# FoxPro Sounds



## Rick Howard (Feb 25, 2012)

So I got a fury a few weeks ago. It had a bunch of sounds on it.... I took all the sounds off so I can start fresh. Here is my problem. I want to be able to listen to the sound before I select it to put on the call. Is there a way to listen to the sound on the computer?


----------



## Sedorusc (Jan 11, 2013)

I think on foxpros website you can preview some of the sounds. Unfortunately you have to listen to some guy talking the whole time so you can't steal them.


----------



## 220swift (Mar 2, 2011)

I thought FoxPro had a program you could download to load, unload and edit sounds??????????


----------



## youngdon (Mar 10, 2010)

I thought so too !


----------



## Hortontoter (Apr 27, 2012)

I do a search online using the key words Free Predator Sounds. You will find lots of websites that have sound clips to save to a folder on your desktop. I named my folder Free Sounds. After you have sounds in your folder you can download them to your call using the FoxPro utility.
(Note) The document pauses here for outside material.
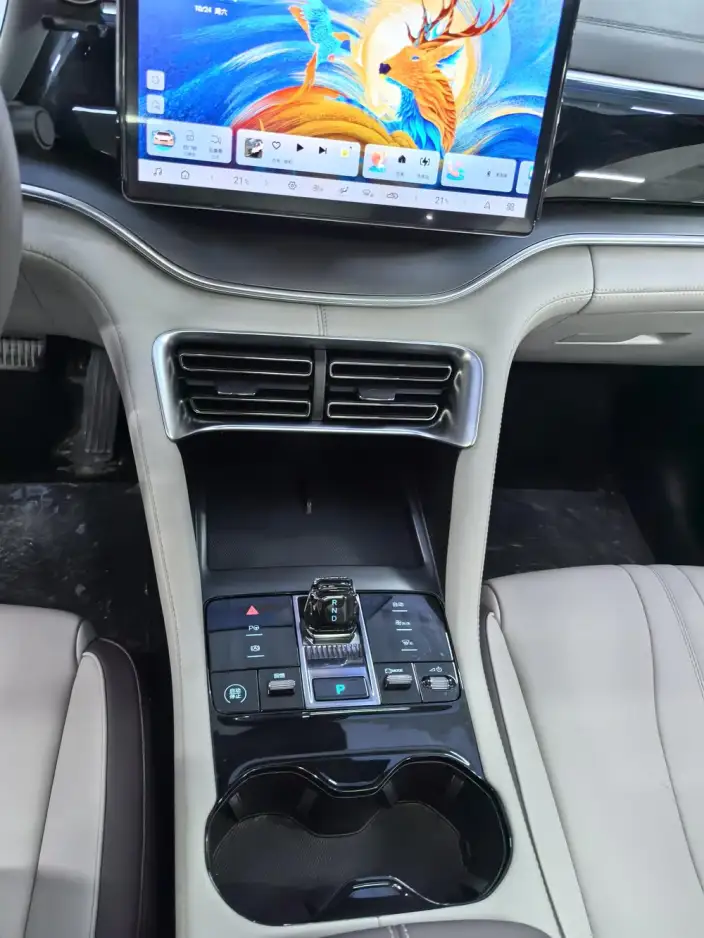 BYD Song PLUS EV 2025 Model Smart Driving Edition 520KM Luxury Model – фото 6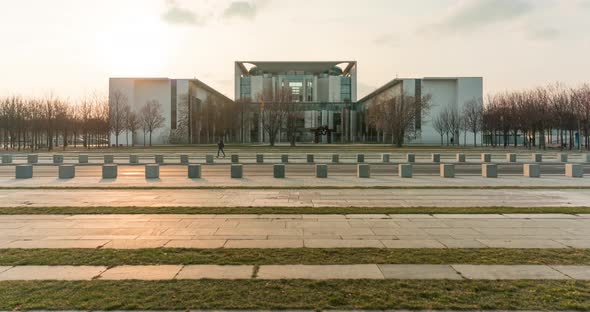 Hyper lapse of German chancellery in central Berlin government disctrict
You will need a stereo patch cord to run between your remote and your call. I have a Spitfire and change sounds all the time on mine. Not sure how different loading to a fury is, but probably similar.


----------



## prairiewolf (Feb 19, 2012)

Rick the only way you can listen to the sounds on your computer is to record them from your fury to a software like audacity and then play it through that software. Just plug a cable in the ext speaker and then in the microphone of your computer. I am in the process of doing this to over 200 sounds and it takes awhile. But when a sound is in audacity you can play it on any mp3 player or e-caller. I did this on a few for a test and sent them to "bginvestor" he said they worked on his Primos e-caller then


----------



## Rick Howard (Feb 25, 2012)

Thanks fellas. Wish I new this before I took the sounds off the call. LMAO.


----------



## JTKillough (May 4, 2010)

Do you have the Foxpro programming tool? It is downloadable on the web-site. I'll assume you did, and it prompted you to back-up your sounds before you did anything. Those sounds that you backed up are in the Foxpro file. You will have to do a little searching, but they are there. The file is labeled "back-up". You can't listen to them in the program. The only way is on the Foxpro or recorded from the pro as stated above. They are in FXP format and unreadable by anything but the unit.


----------



## Rick Howard (Feb 25, 2012)

Yupp I have the utility. Also backed them up. I know where the files are located. I just wanted to be able to listen to the sounds, while selecting the sounds to put on the caller. I don't want 150 sounds muddying the thing up. Granted it is nice to have them all..... I just don't want them all on the caller at once.... It's kinda heavy.....


----------



## 220swift (Mar 2, 2011)

"It's kinda heavy".................you're killin me.. :roflmao: :roflmao:


----------



## Rick Howard (Feb 25, 2012)

You gotta remember. I am new to the e call. It is a lot of extra weight on the long walks, when you are not use to it. lol

In all seriousness having that many sounds on the call was just confusing. I am going to put my own recordings on there. I am struggling to get good recordings though. Every room in my house has an echo.....


----------



## JTKillough (May 4, 2010)

Use the above mentioned Audacity Recording Program to clean them up. I do a lot of work with the program and once you get the hang of it, there's a lot you can do to make your own sounds better for the electronic.


----------



## Rick Howard (Feb 25, 2012)

Thanks. I have been using Goldwav. I will give audacity a shot.


----------